Exercise material START

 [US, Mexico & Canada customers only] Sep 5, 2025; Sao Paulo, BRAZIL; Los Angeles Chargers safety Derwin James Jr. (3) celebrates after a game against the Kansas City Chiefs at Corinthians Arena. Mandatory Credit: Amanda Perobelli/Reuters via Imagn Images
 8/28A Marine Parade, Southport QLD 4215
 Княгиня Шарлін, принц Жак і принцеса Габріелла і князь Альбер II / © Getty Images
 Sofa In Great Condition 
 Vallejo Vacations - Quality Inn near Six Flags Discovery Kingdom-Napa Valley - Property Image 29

Exercise material END
Exercise material START

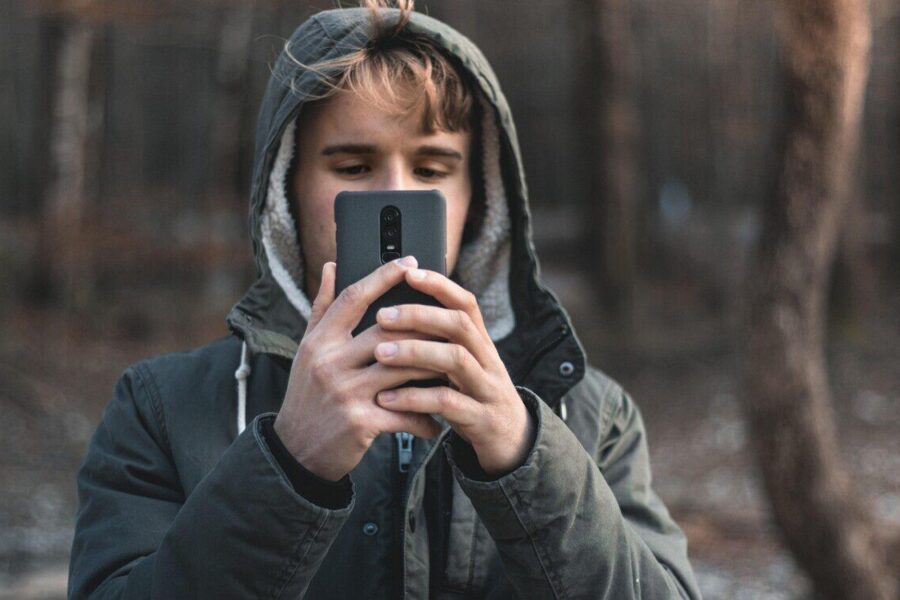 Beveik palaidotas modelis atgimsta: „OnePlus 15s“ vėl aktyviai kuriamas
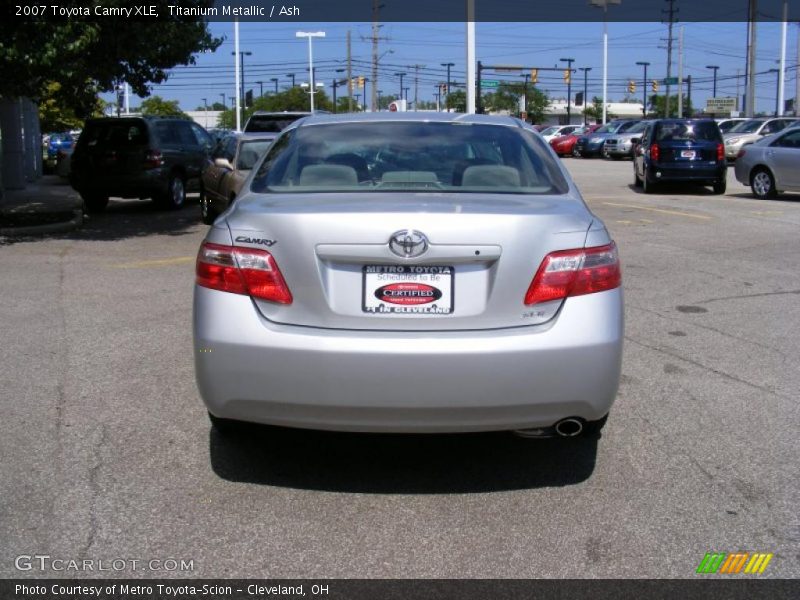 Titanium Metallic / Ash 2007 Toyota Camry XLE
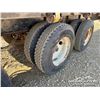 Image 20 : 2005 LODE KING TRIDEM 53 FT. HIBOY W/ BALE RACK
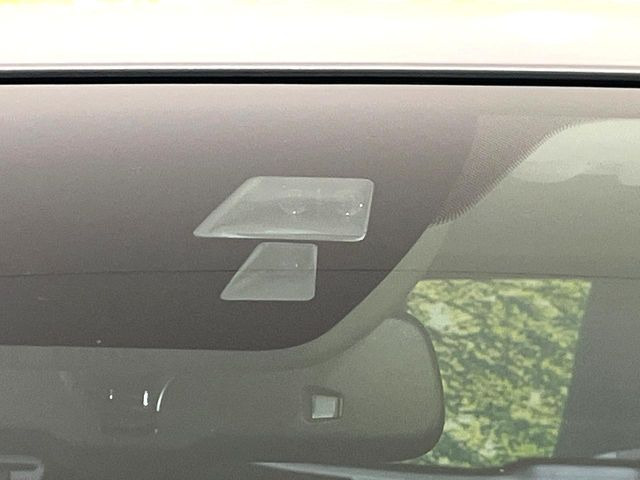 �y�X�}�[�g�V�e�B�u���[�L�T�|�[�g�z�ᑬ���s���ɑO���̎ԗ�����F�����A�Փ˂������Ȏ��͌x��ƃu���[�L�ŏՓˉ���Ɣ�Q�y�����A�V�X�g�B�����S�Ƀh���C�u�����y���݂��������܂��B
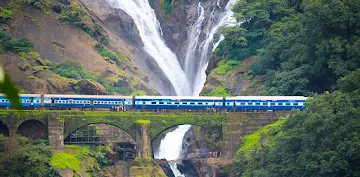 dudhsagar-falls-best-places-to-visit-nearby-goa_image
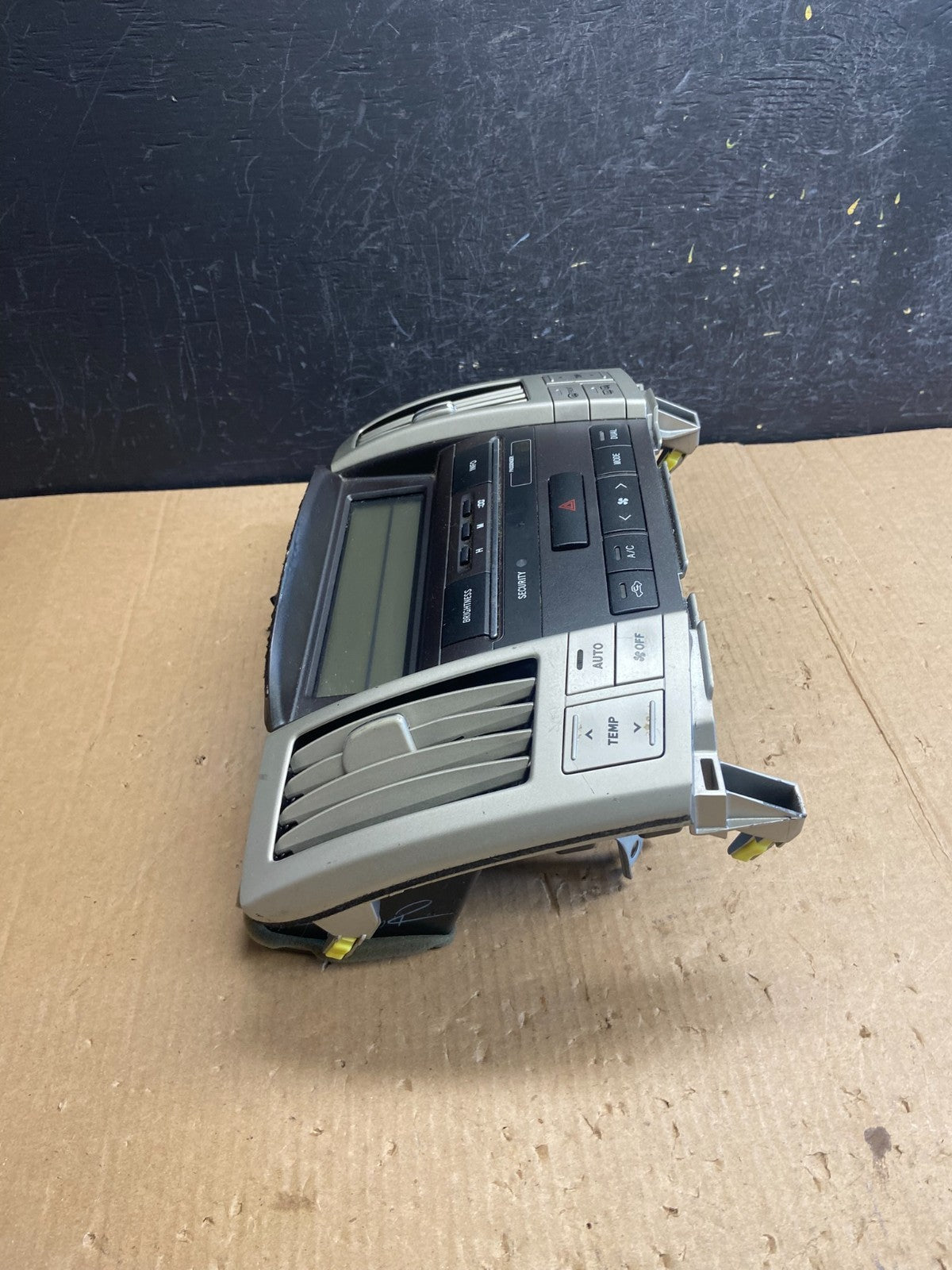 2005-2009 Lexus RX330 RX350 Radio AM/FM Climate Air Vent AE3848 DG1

Exercise material END

What this task involves: With the pictures removed, print only the lines starting at the line that has "Titanium Metallic /" and ending at the line that has "2005-2009 Lexus RX330", both ends included, exactly as they stand above.

Written solution:
 Titanium Metallic / Ash 2007 Toyota Camry XLE
 Image 20 : 2005 LODE KING TRIDEM 53 FT. HIBOY W/ BALE RACK
 �y�X�}�[�g�V�e�B�u���[�L�T�|�[�g�z�ᑬ���s���ɑO���̎ԗ�����F�����A�Փ˂������Ȏ��͌x��ƃu���[�L�ŏՓˉ���Ɣ�Q�y�����A�V�X�g�B�����S�Ƀh���C�u�����y���݂��������܂��B
 dudhsagar-falls-best-places-to-visit-nearby-goa_image
 2005-2009 Lexus RX330 RX350 Radio AM/FM Climate Air Vent AE3848 DG1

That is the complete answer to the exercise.